Upon the occurrence and continuance of any Event of Default, this Note, at the option of the Holder, shall become immediately due and payable without notice of any kind; provided that this Note shall become automatically due and payable upon any Event of Default occurring under clauses (d), (e) and (f) above without any further action on behalf of Holder. The Holder’s failure to exercise such option shall not constitute a waiver of the right to exercise it at any other time. Irrespective of the exercise or non-exercise of the foregoing option, if any payment of principal and/or interest is not paid in full on the date the same is due, the interest rate under this Note on the overdue amount shall be increased to eighteen percent (18%) per annum until said amount is paid in full.

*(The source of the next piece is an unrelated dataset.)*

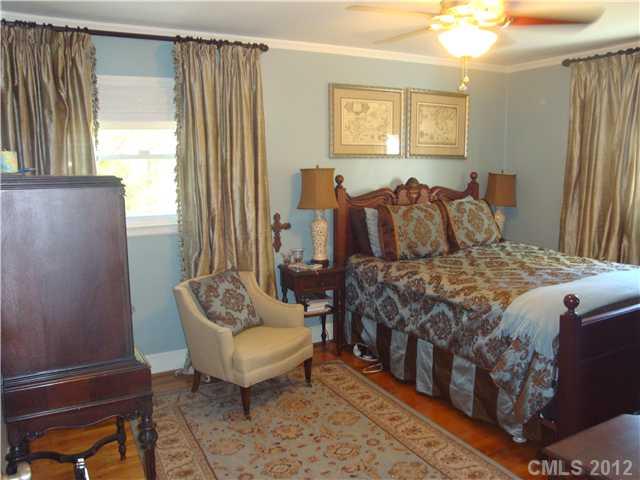 3211 Cambridge Road Charlotte, NC 28209 - Photo 4 of 14 Gallery Image 4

Notwithstanding any provisions of this Note, it is the understanding and agreement of the Debtor and the Holder that the maximum rate of interest to be paid by the Debtor to the Holder shall not exceed the highest or maximum rate of interest permissible to be charged to a commercial borrower under any law applicable hereto. Any amount paid in excess of such rate shall be considered to have been payments in reduction of principal, and if there shall be no principal amount then outstanding, such excess shall be returned to the Debtor as an overpayment of principal.

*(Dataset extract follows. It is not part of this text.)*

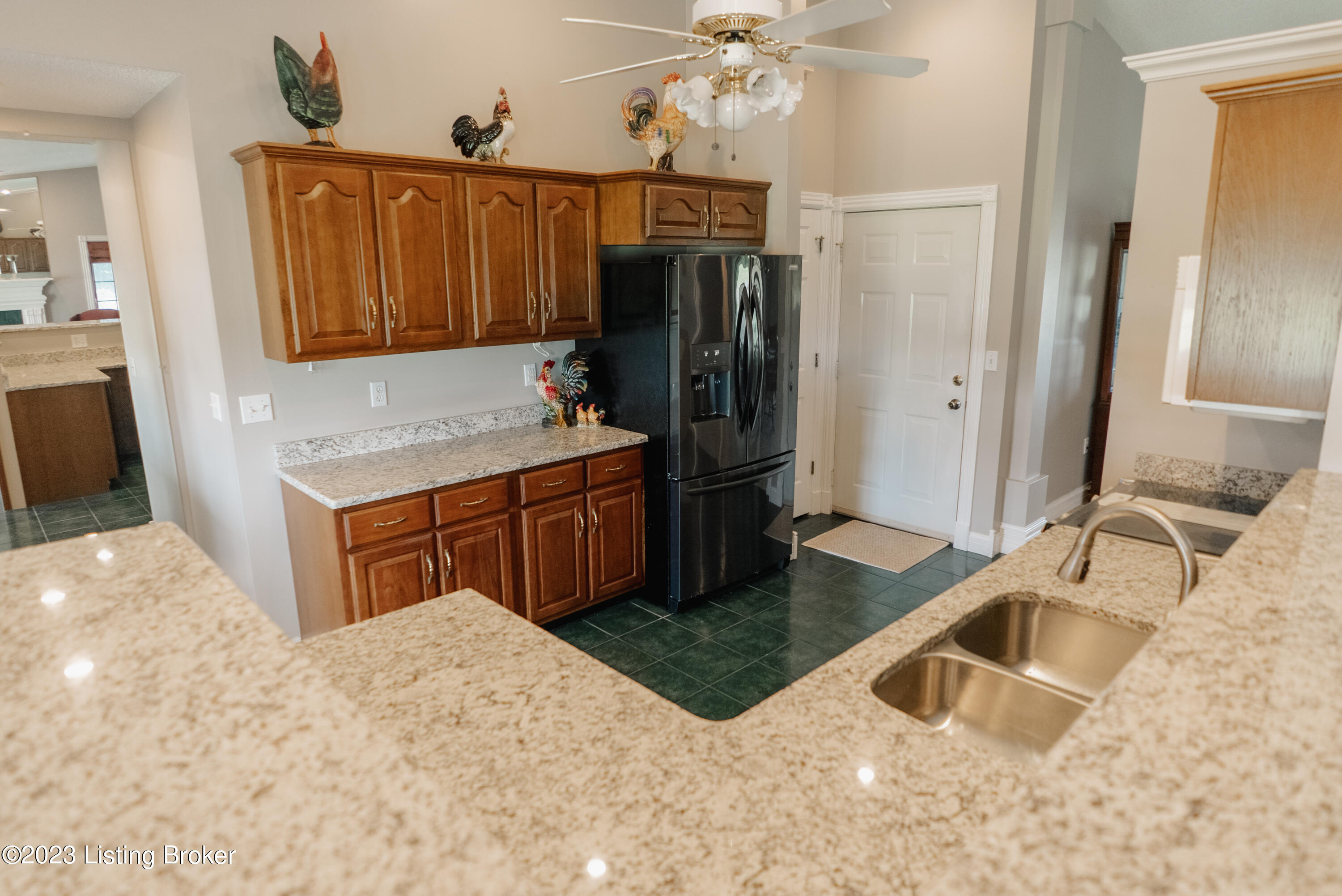 641 Ky-910, Russell Springs, Kentucky image 34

5. Representations and Warranties.
(a) Power and Authority; Execution and Delivery. Debtor has the corporate or other organizational power and authority to execute, deliver, perform and otherwise carry out the terms and provisions of this Note and the Warrant (including such power and authority to borrow the funds as contemplated herein and to issue the equity securities as contemplated by the Warrant) and has taken all necessary corporate or other organizational action to authorize the execution, delivery and performance of this Note. Debtor has duly executed and delivered this Note and any documents executed and delivered in connection herewith or therewith.
(b) Enforceability. This Note constitutes the legal, valid and binding obligation of Debtor, enforceable against Debtor in accordance with its terms, subject to the effects of bankruptcy, insolvency, fraudulent conveyance, moratorium, reorganization and other similar laws relating to or affecting creditors’ rights generally.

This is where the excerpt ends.